> [Task to carry out]
Would you copy out the following entries exactly, without any of the pictures?

Crawled caption data:
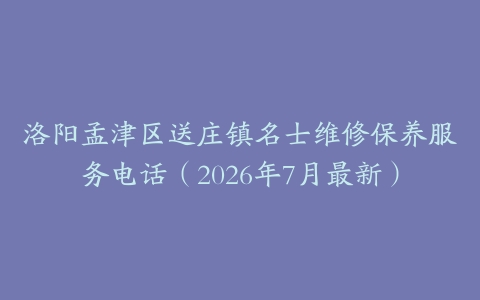 洛阳孟津区送庄镇名士维修保养服务电话（2026年7月最新）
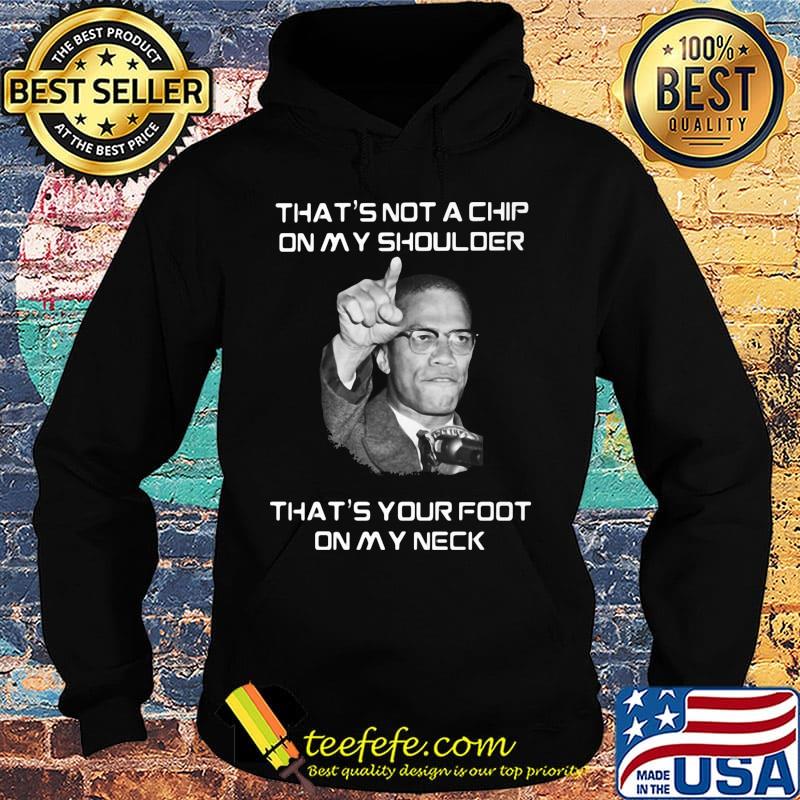 Malcolm x that's not a chip on my shoulder that's your foot on my neck s Hoodie Malcolm x that's not a chip on my shoulder that's your foot on my neck s Hoodie
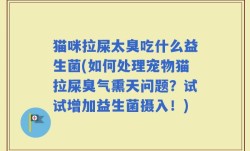 猫咪拉屎太臭吃什么益生菌(如何处理宠物猫拉屎臭气熏天问题？试试增加益生菌摄入！)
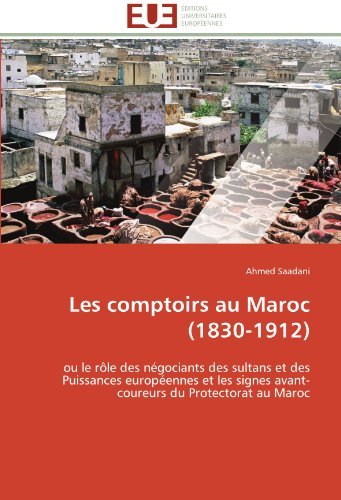 Cover for Ahmed Saadani · Les Comptoirs Au Maroc (1830-1912): Ou Le Rôle Des Négociants Des Sultans et Des Puissances Européennes et Les Signes Avant-coureurs Du Protectorat Au Maroc (Paperback Book) [French edition] (2018)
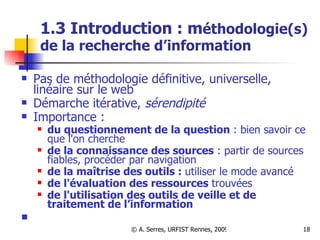 1.3 Introduction : m éthodologie(s) de la recherche d’information Pas de méthodologie définitive, universelle, linéaire sur le web Démarche itérative,  sérendipité Importance :  du questionnement de la question  : bien savoir ce que l'on cherche de la connaissance des sources  : partir de sources fiables, procéder par navigation de la maîtrise des outils :  utiliser le mode avancé de l'évaluation des ressources  trouvées de l'utilisation des outils de veille et de traitement de l’information 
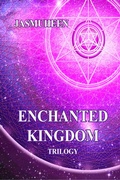 Cover: Enchanted Kingdom Trilogy - Lulu.com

> [Output below]
 洛阳孟津区送庄镇名士维修保养服务电话（2026年7月最新）
 Malcolm x that's not a chip on my shoulder that's your foot on my neck s Hoodie Malcolm x that's not a chip on my shoulder that's your foot on my neck s Hoodie
 猫咪拉屎太臭吃什么益生菌(如何处理宠物猫拉屎臭气熏天问题？试试增加益生菌摄入！)
 Cover for Ahmed Saadani · Les Comptoirs Au Maroc (1830-1912): Ou Le Rôle Des Négociants Des Sultans et Des Puissances Européennes et Les Signes Avant-coureurs Du Protectorat Au Maroc (Paperback Book) [French edition] (2018)
 1.3 Introduction : m éthodologie(s) de la recherche d’information Pas de méthodologie définitive, universelle, linéaire sur le web Démarche itérative,  sérendipité Importance :  du questionnement de la question  : bien savoir ce que l'on cherche de la connaissance des sources  : partir de sources fiables, procéder par navigation de la maîtrise des outils :  utiliser le mode avancé de l'évaluation des ressources  trouvées de l'utilisation des outils de veille et de traitement de l’information 
 Cover: Enchanted Kingdom Trilogy - Lulu.com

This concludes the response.